I just purchased some NGK BKR7Es to replace my old OEM PFR6Qs. The BKR7Es took away all hesitation I had under hard acceleration and made the car feel like it has WAY more power. They cost me about $2 each at NAPA, but being copper plugs, they will need to be replaced more often.


----------



## darrenbyrnes (Jan 4, 2005)

From the 1.8T forum:
Spark Plugs
OE Plugs: NGK PFR6Q - .032" gap
For Stock Cars - .032" gap:
NGK BKR6E
Autolite 3923
Denso Iridium IK20
For Chipped Cars - .028" gap:
NGK BKR7E
Autolite 3922
Denso Iridium IK22

**Avoid all non copper plugs, recommend to change every or every other oil change to keep from misfiring.
General Rule of thumb: For every additional 50HP over stock, a general rule is 1 heat range colder and gap shrinks by .004
--So, a chipped 1.8T would make good use ofa plug one range colder gapped to .028
>Tightening torque 30Nm (22 ft-lb)
>Tightening torque for Coil Packs 7ft lbs


----------



## ILLA NOIZ (Jul 2, 2007)

Thanks everyone... what length extension will I need to swap these? I saw an a4 write up and it looked like a 2 ft extension?


----------



## cincyTT (May 11, 2006)

*Re: (ILLA NOIZ)*

8-10" should be plenty, i think i use a 10"


----------



## SteveCJr (Aug 3, 2008)

*Re: (darrenbyrnes)*


_Quote, originally posted by *darrenbyrnes* »_From the 1.8T forum:
Spark Plugs
For Stock Cars - .032" gap:
Autolite 3923

For Chipped Cars - .028" gap:
Autolite 3922


I just ordered a set of Autolite 3923 from Sparkplugs.com. They say the gap on this plug is .028 and Iridium.
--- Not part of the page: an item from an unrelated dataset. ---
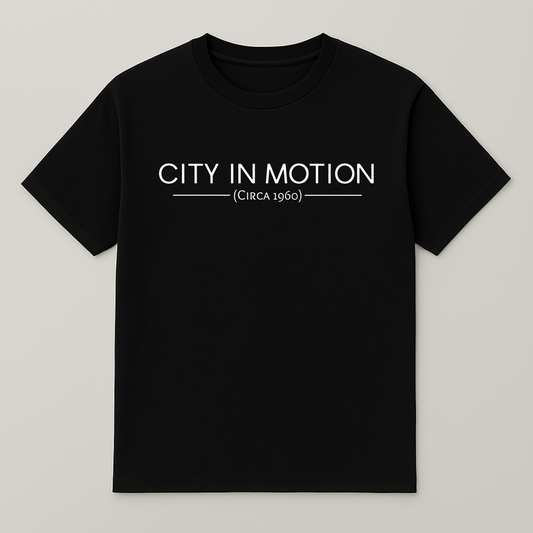 City In Motion Tee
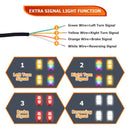 Universal for UTV ATV SUV Golf Cart Remote & APP Control Plug&Play RGB Rock Lights - WeiSen - 80209001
The only defferance i could find between the 3923 and 3922 is that the 3922 has a copper core.


----------



## ILLA NOIZ (Jul 2, 2007)

*Re: (cincyTT)*

http://****************.com/smile/emthup.gif 
I should have this done Monday... as I am flying out for business this weekend. 
Any advice? I see two of the coil packs are buried... Looks like the spaghetti my a mamma makeda me last night


----------



## bauch1425 (Jun 29, 2006)

*Re: (SteveCJr)*

Copper seems to work better in our cars (although OEM is platinum). Coppers do not last as long though.


----------